In un paese come l'Ungheria il '900 è stato un secolo in cui il potere - fascista, comunista - ha monopolizzato il linguaggio e ha strumentalizzato le immagini per dare al popolo una rappresentazione fittizia della realtà. La risposta del popolo è stata in termini di vite da una parte, e in affermazione di pienezza di parola dall'altra. Contro la retorica dei regimi, contro il bavaglio, i poeti - e solo in parte i drammaturghi - hanno risposto con la parola pregna, non ermetica, con il messaggio forte. Una commedia di uno dei più celebrati scrittori magiari del '900 - Orkèny Istvàn - intitolata Scenario mostra la forza deformante della pubblicità sovietica negli anni '50 e inscena la storia in un circo, l'unico luogo che in quel periodo sfuggiva alla censura e al controllo, dimostrando la spettacolarizzazione assurda e spietata che quel potere aveva imposto. Tuttavia il paradigma del poeta che legge i propri versi alla radio contro la tirannia nel momento stesso della rivolta dovrebbe far pensare. Fare non si deve tradurre con agire concretamente per modificare materialmente la realtà, bensì con tensione che permetta di avere costantemente uno sguardo vigile, umilmente sensibile e rivolto alle possibilità di cambiamento né dimentico di ciò che potrebbe perdere. Uno stare all'erta dinamico che garantisca la formazione di quello stato interiore in cui si possano fondere assieme, non mescolandosi, pensiero razionale e emozione.

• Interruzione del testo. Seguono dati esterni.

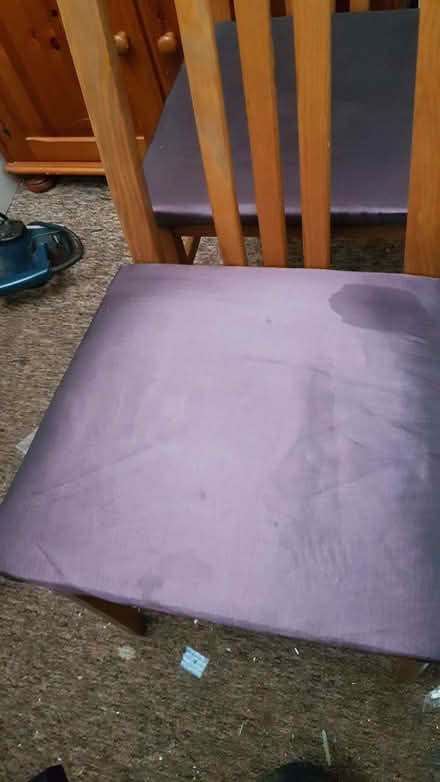 Photo of free dining table chairs x 2 (Mill Hill BB2) #2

Che fare praticamente? Semplicemente togliere l'aura di sacralità che circonda il teatro così come la poesia, evitare i settarismi, destrutturare le pseudo-bibbie del settore che propongono tecniche impareggiabili per conseguire il massimo risultato nel campo della scrittura e della recitazione, incoraggiare la diffusione della modestia presso gli attori e i poeti, aspiranti o spiranti che siano.
Concludo portando queste riflessioni di Doplicher, tratte dalla solita antologia: «Rivendicando alla poesia un primato nel campo del pensiero, non si rinuncia all'emozione, all'immagine, a ogni possibile traduzione del sensibile, come d'altronde ogni poesia "classica" (compresa la classicità dell'avanguardia storica) ha fatto; ma così la poesia viene messa al riparo dai due pericoli maggiori che oggi corre: quello di diventare ancor di più campo di esercitazione per i grammatici che si chiudono in una artistica dissezione del linguaggio, e quello di proporsi, nella accezione comune e nella pratica "media", come l'ultimo dei mezzi di comunicazione di massa, trasformandosi, insomma, nella subalternità del significante, da Cenerentola a prostituta».